Guidance to help social workers assess prospective family and friends carers has been issued to address a lack of minimum standards in this area.

The Family Rights Group guide follows research conducted by the group in 2015, which found a lack of consistency in the way assessments were carried out and that 35% of assessments carried out by professionals had been done by phone call only.

The guidance, which is endorsed by Family Court president Sir James Munby, the Association of Directors of Children’s Services and Cafcass, outlines what a viability assessment for family and friend carers should look like, what social workers should consider and how to undertake international assessments.

Assessment objectives

It says that a completed viability assessment should set out clearly:

  • The information gathered by the social worker in relation to the child’s current and anticipated future needs.
  • The ability of the family member or friend being assessed to meet these needs (with appropriate support).
  • The social worker’s analysis of this evidence, which underpins the recommendation they have reached.

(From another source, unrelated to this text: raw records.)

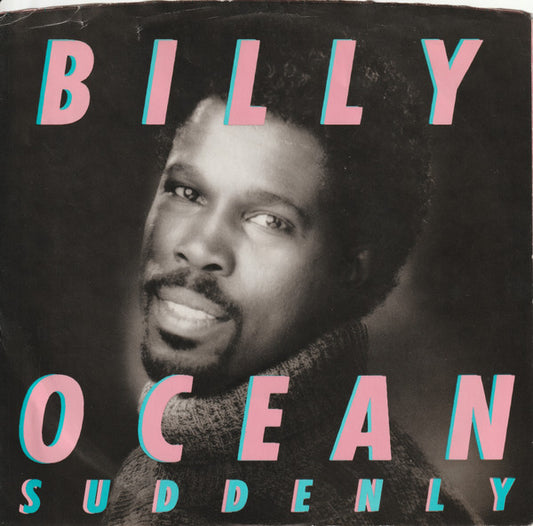 Billy Ocean - Suddenly / Lucky Man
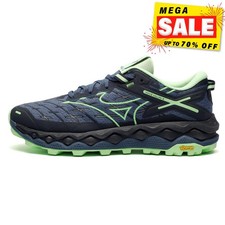 Mizuno Wave Mujin 10 Vibram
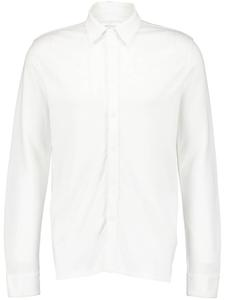 Majestic Filatures рубашка с длинными рукавами, белый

Practitioners should explain to prospective carers the difference between fostering, special guardianship and child arrangement orders and the implications of each in terms of further assessments and support, so that cares can make an informed choice.

“In summary, not all options need to be fully assessed, but all realistic options for the care of the child must be and viability assessments serve to identify which are the realistic options. Viability assessments that rule out a potential carer must evidence that this option is clearly and plainly unrealistic, and one that the court can and should confidently dismiss,” the guidance says.

Cathy Ashley, chief executive of the Family Rights Group, said the guide was made with the input of social workers, lawyers, local authority senior managers and kinship carers.